__INSTRUCTIONS FOR THE TASK__
What you hand back must match the records word for word, with no pictures.

__TASK MATERIAL__
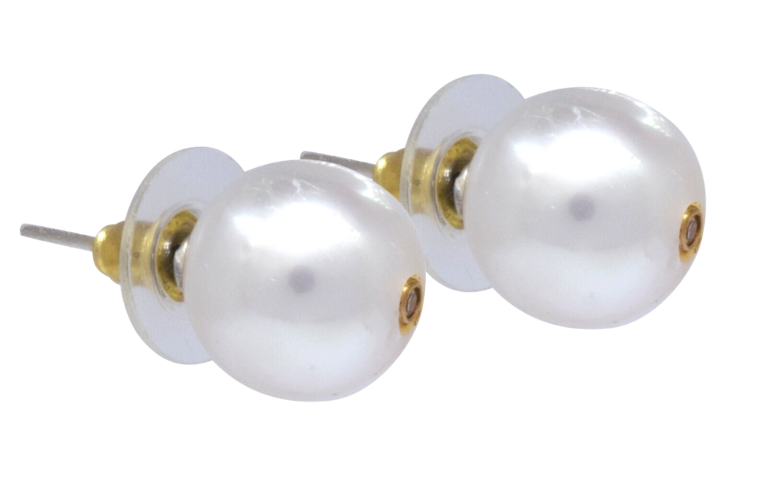 Ladies South Sea Pearl Stud Earrings w/ Bezel Set Diamonds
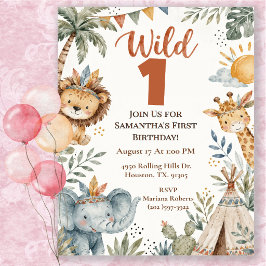 Boho Wild One Safari Födelsedagsfest Inbjudningar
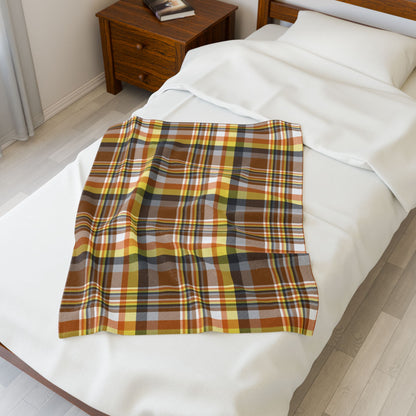Bear Pride Plaid Velveteen Plush Blanket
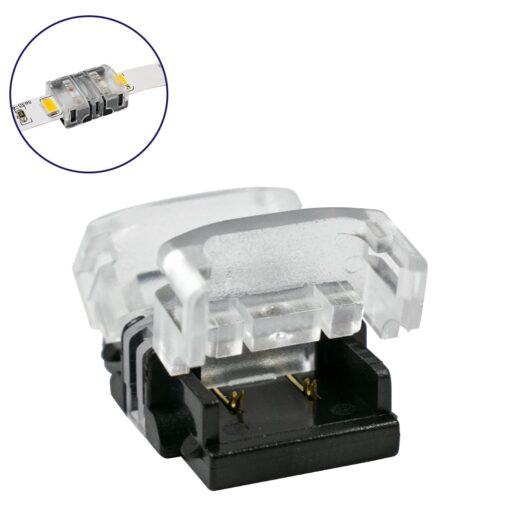 GloboStar® 70717 Ταχυσύνδεσμος Ένωσης IP20 – Strip To Strip Connector για Ένωση 2 x Μονόχρωμες Ταινίες LED Πλάτους 10mm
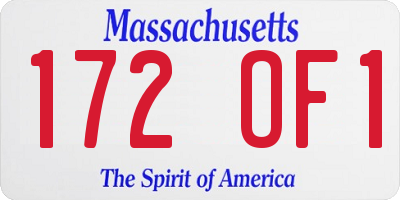 MA license plate 172OF1
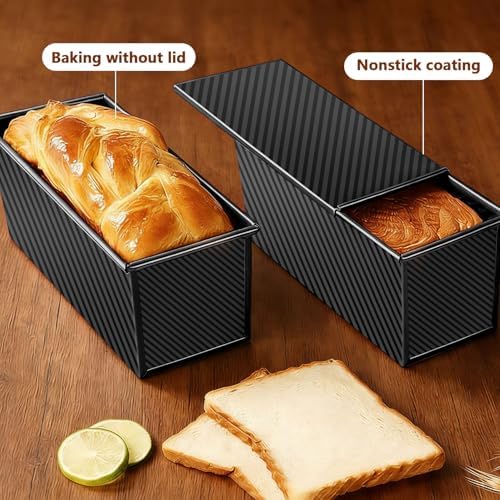 Pullman Loaf Pan with Lid 13x4, 2.2 lb Dough Capacity Bread Loaf Pan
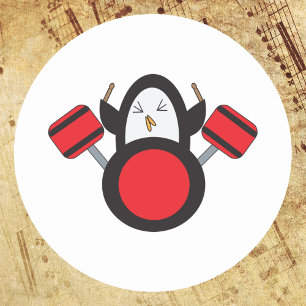 Penguin Drummer Cute Classic Round Sticker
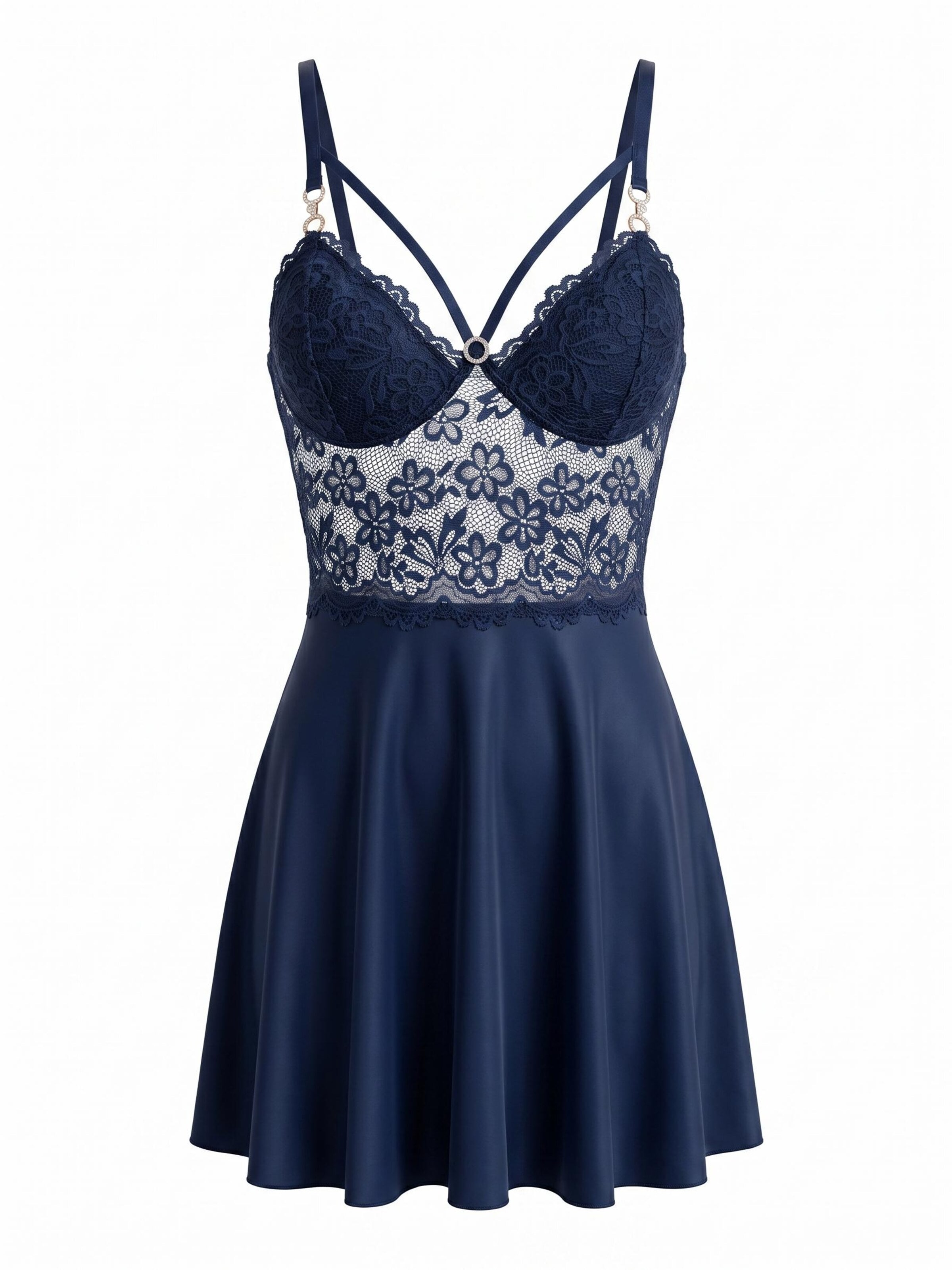 Cupshe Negligee 'Lace' in Blue: front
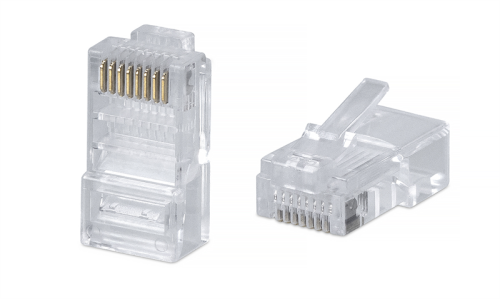 Cabeus 8P8C Коннектор RJ-45 под витую пару, категория 5e, универсальный (для одножильного и многожильного кабеля) для проводников с толщиной по изоляции до 1,05 мм (8P8C-FC)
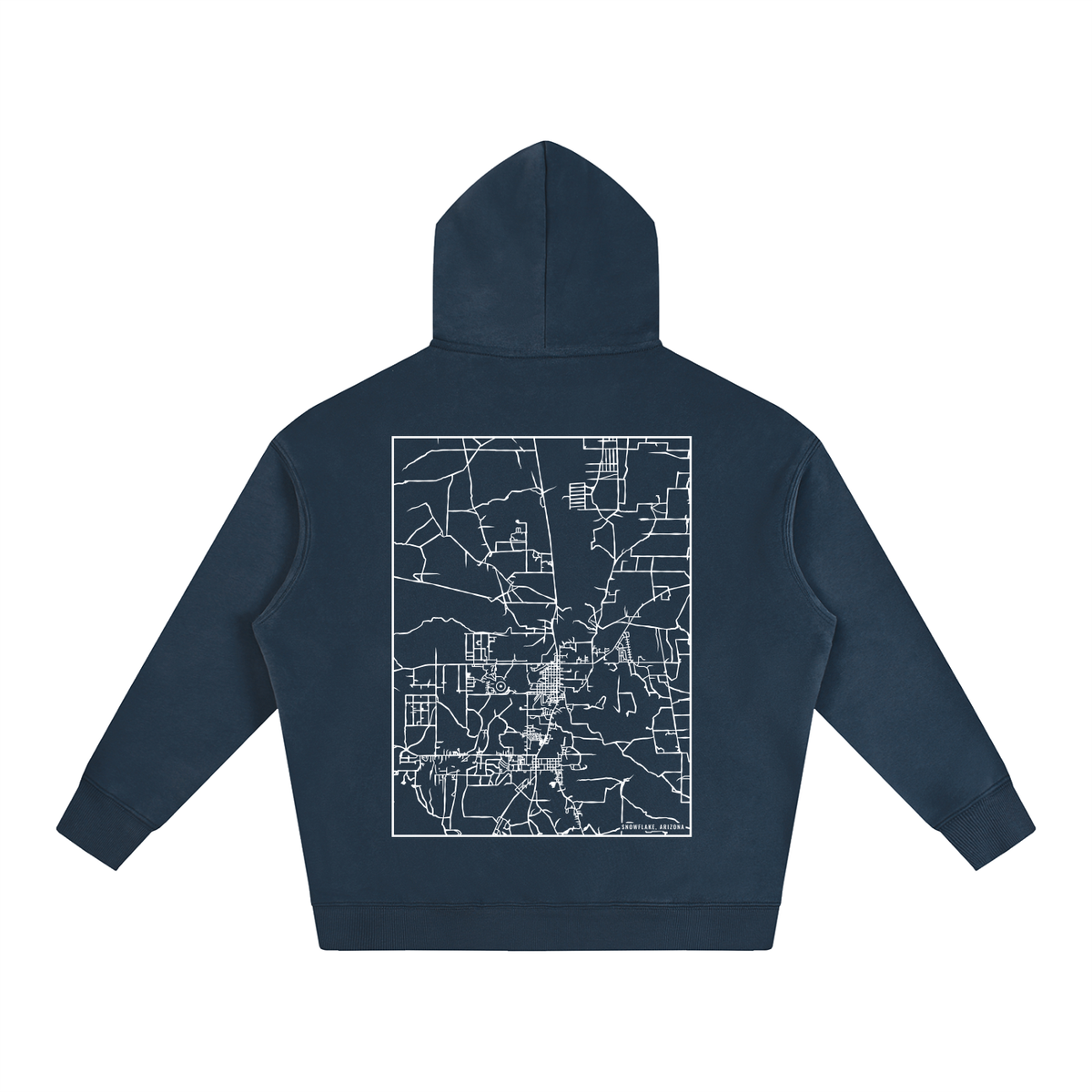 Snowflake map hoodie, back print - Navy Blue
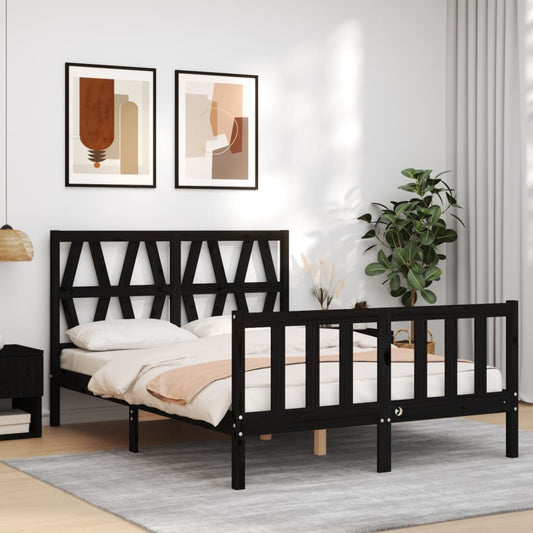 vidaXL Bed Frame with Headboard Black 140x190 cm Solid Wood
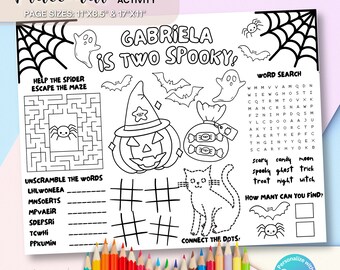 Halloween Kleurplaat Placemat Feest Kinderen Activiteit Halloweenfeest Placemats Kleurplaat Afdrukbare pagina Halloween Verjaardagsfeestje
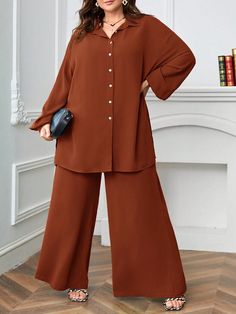 2pcs Plus Size Women Summer Loose Drop Shoulder Top And Wide Leg Pants Casual Outfit Set Brown Casual    Plain  Non-Stretch Spring/Fall Women Plus Clothing, size features are:Bust: ,Length: ,Sleeve Length: Long Shirt Coord Sets, New Long Top Designs For Women, Winter Simple Outfits, Kurta Designs Women Casual, Eid Kurta, Cord Dress, Drop Shoulder Shirt, Latest Dress Design, Stylish Short Dresses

__RESULT BELOW__
 Ladies South Sea Pearl Stud Earrings w/ Bezel Set Diamonds
 Boho Wild One Safari Födelsedagsfest Inbjudningar
Bear Pride Plaid Velveteen Plush Blanket
 GloboStar® 70717 Ταχυσύνδεσμος Ένωσης IP20 – Strip To Strip Connector για Ένωση 2 x Μονόχρωμες Ταινίες LED Πλάτους 10mm
 MA license plate 172OF1
 Pullman Loaf Pan with Lid 13x4, 2.2 lb Dough Capacity Bread Loaf Pan
 Penguin Drummer Cute Classic Round Sticker
 Cupshe Negligee 'Lace' in Blue: front
 Cabeus 8P8C Коннектор RJ-45 под витую пару, категория 5e, универсальный (для одножильного и многожильного кабеля) для проводников с толщиной по изоляции до 1,05 мм (8P8C-FC)
 Snowflake map hoodie, back print - Navy Blue
 vidaXL Bed Frame with Headboard Black 140x190 cm Solid Wood
 Halloween Kleurplaat Placemat Feest Kinderen Activiteit Halloweenfeest Placemats Kleurplaat Afdrukbare pagina Halloween Verjaardagsfeestje
 2pcs Plus Size Women Summer Loose Drop Shoulder Top And Wide Leg Pants Casual Outfit Set Brown Casual    Plain  Non-Stretch Spring/Fall Women Plus Clothing, size features are:Bust: ,Length: ,Sleeve Length: Long Shirt Coord Sets, New Long Top Designs For Women, Winter Simple Outfits, Kurta Designs Women Casual, Eid Kurta, Cord Dress, Drop Shoulder Shirt, Latest Dress Design, Stylish Short Dresses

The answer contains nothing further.